Flash forward to late 2009. Today, there is no single UPS product that can claim both titles. There are many new technologies wrought with both promise and confusing complications. Even as UPS technologies have evolved over the past two decades, so too has Mission Critical West . Beginning as a UPS sales and applications engineering firm with both static and rotary UPS principals, we moved into turnkey design-build installations of UPS and critical facilities infrastructure, then into reliability/availability assessments and large UPS evaluations for end-user clientele.


In the process, we have witnessed hundreds of factory and site performance tests of large UPS, and amassed a substantial database of end-user and third-party service firm inputs on actual field reliability and repair issues.
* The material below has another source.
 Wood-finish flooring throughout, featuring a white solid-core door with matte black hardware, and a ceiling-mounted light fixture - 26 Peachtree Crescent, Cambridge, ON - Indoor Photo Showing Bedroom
We decided in mid-2009 to summarize the salient pieces of this work on latest generation large UPS systems in “The 2009/2010 Large UPS Evaluation Report,” a comprehensive study giving end users an unbiased, user-oriented and comprehensive analysis of popular large UPS systems available in the U.S. This article is based on the report.
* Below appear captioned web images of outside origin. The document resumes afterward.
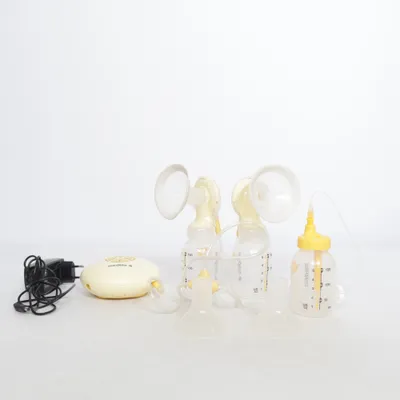 Breast pump (Yellow, White) from Medela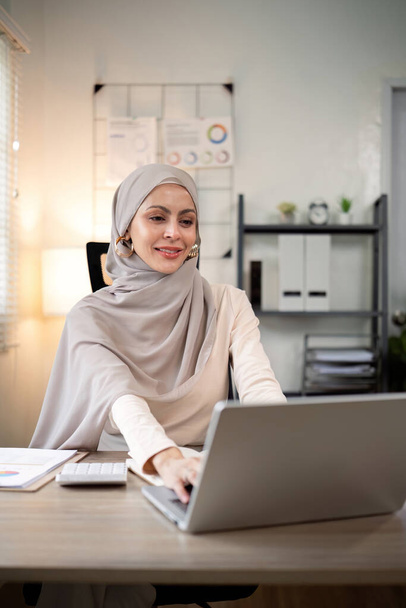 Donna d'affari musulmana asiatica in sciarpa hijab che lavora con documenti cartacei nell'ufficio moderno. diversità e concetto di ufficio. - Foto, immagini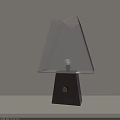 Minimalist Table Lamp Featuring Geometric Fabric Shade And Dark Wooden Base With Lit Bulb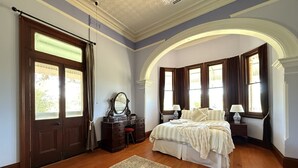A bedroom with a large bed, a dresser, a mirror, and a rug. - Kalimna Homestead, Historic Stays, Hunter Valley (Paterson)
Lower utility usage and reduced carbon footprint are desirable for all aspects of facilities operations; the critical power environment is no exception. Data centers in particular have come under fire as a major power user and a target for power reductions in the national interest. The basis for this is the rapid growth of power consumption for data centers, now projected to approach 100 billion kWh within the next two years. In reaction to pressure from the U.S. Environmental Protection Agency/EnergyStar , Dept. of Energy, and other federal and state agencies, most UPS manufacturers have released, or will release, green products, or perhaps re-marketed existing products with a new, eco-friendly face. The goal in all cases is to tout higher efficiency and lower carbon footprint.
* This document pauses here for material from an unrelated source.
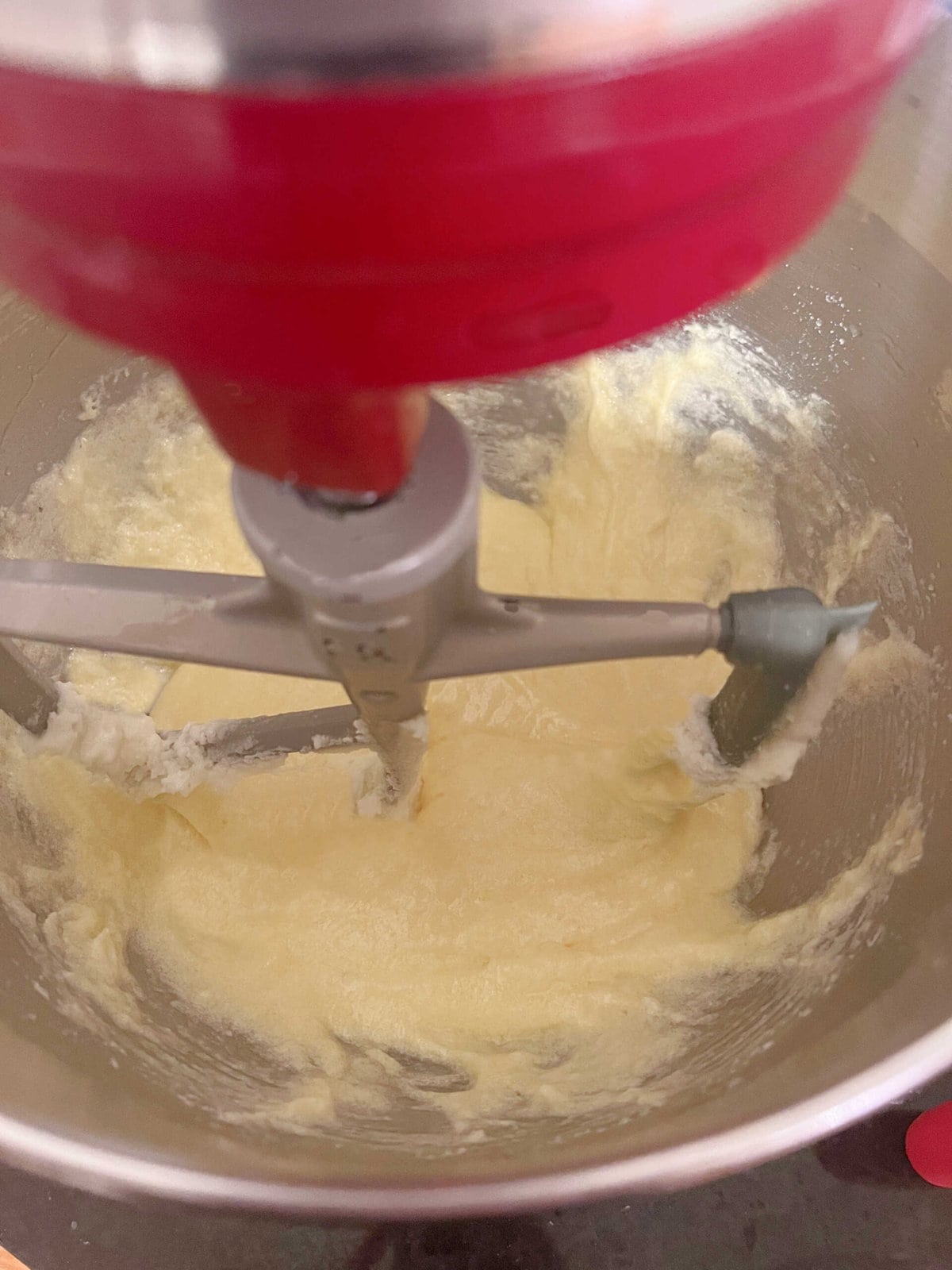 Adding eggs to cake batter.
But is efficiency all that is important? Most data center managers would agree certainly not. For decades, high UPS availability (and therefore UPS reliability) was paramount. Realistically, it still is. There will be little sympathy for the manager who saved $100,000 in utility savings while being named the responsible party for the load loss that cost the firm $1 million in revenue and lost accounts. And making a UPS system with proven reliability highly efficient by chopping out components that gave it that reliability is risky. So the challenge is to balance utility cost reduction with required high critical power availability for typical large UPS applications. In “The 2009/2010 Large UPS Evaluation Report,” we did that in our evaluation of 10 popular large UPS and continuous power supply (CPS) products available in the U.S. in electrical capacities of 500 kVA and up. The discoveries we made were, in some cases, surprising.



To keep things simple for the required length of this article, all UPS/CPS systems for critical load service are grouped into two basic categories. First is the double conversion type, where all of the power is converted from ac to dc, and back to ac. The second type includes line interactive (which includes most rotaries) and delta conversion topologies, both of which shunt power around the rectifier/inverter to save on losses.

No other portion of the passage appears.